Q&A – Matt Lynch and Matt Bates
Episode:You’ve spoken. We’ve listened. You’ve asked for more episodes giving a window into the secret lives of OnScript co-hosts. Or at least, you’ve asked us to allow more time for chat between hosts. So we’ll try to do a bit more of that. In this episode, Matt Lynch and Matt Bates, the co-founders of OnScript, ask each other questions about Paul, hell, life, violence, divine-human appearances in the OT, faith as allegiance, Matt B.’s new book, books we’ve read, and more. Enjoy, and share the word!
Hosts: Matt Bates (Ph.D., University of Notre Dame) is Assistant Professor of Theology at Quincy University. He writes with a posture of faith seeking understanding, with a desire to serve the church, academy, and any reader of goodwill. He’s the author of Gospel Allegiance (Brazos, 2019), Salvation by Allegiance Alone (Baker Academic, 2017) is now available for order. His recent The Birth of the Trinity (Oxford University Press, 2015) focuses on how certain reading strategies helped early Christians to see that the one God can be differentiated as multiple persons. He has also written on the Apostle Paul’s method of interpreting Scripture: The Hermeneutics of the Apostolic Proclamation (Baylor University Press, 2012). A current book project, to be published by Eerdmans, explores the process by which Jesus came to be enthroned as king, as well as the theological implications for us today.

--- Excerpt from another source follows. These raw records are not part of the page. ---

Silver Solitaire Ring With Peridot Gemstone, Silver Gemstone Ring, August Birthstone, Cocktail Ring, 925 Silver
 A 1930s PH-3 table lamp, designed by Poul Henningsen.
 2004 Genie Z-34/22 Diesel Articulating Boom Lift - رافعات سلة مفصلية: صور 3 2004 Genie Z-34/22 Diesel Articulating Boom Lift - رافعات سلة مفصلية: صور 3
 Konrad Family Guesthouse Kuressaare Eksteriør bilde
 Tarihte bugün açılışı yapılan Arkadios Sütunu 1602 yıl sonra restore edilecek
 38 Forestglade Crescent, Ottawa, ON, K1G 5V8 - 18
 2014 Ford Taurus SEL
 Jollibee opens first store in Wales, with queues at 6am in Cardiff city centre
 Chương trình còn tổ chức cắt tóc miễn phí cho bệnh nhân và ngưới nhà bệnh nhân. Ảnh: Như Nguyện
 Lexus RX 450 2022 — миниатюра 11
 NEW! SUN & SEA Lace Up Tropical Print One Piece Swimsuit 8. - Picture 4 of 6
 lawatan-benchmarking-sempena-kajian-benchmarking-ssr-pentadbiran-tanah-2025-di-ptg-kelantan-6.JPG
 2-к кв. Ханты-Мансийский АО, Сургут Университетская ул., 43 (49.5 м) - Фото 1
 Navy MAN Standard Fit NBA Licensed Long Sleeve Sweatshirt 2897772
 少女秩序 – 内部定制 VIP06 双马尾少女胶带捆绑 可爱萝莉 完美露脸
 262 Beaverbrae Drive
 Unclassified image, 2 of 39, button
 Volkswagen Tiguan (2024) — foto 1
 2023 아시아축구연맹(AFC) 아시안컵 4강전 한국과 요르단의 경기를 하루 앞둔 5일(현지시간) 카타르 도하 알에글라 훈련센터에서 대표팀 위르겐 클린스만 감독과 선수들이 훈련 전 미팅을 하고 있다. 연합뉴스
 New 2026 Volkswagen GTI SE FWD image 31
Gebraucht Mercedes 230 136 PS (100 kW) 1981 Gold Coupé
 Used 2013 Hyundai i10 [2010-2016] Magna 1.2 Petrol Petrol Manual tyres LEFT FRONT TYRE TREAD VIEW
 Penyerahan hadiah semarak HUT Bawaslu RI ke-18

Matt Lynch (Ph.D., Emory University) is Academic Dean and Lecturer in Old Testament at Westminster Theological Centre in the UK. He’s the author of Monotheism and Institutions in the Book of Chronicles (Mohr Siebeck, 2014), and Portraying Violence in the Hebrew Bible (Cambridge, forthcoming 2020), and has written various articles on the Old Testament. He also blogs regularly at theologicalmisc.net. Matt is particularly interested in helping students grasp the theological and literary contours of the Old Testament, wrestle through its ethical and historical challenges, and understand its ongoing significance.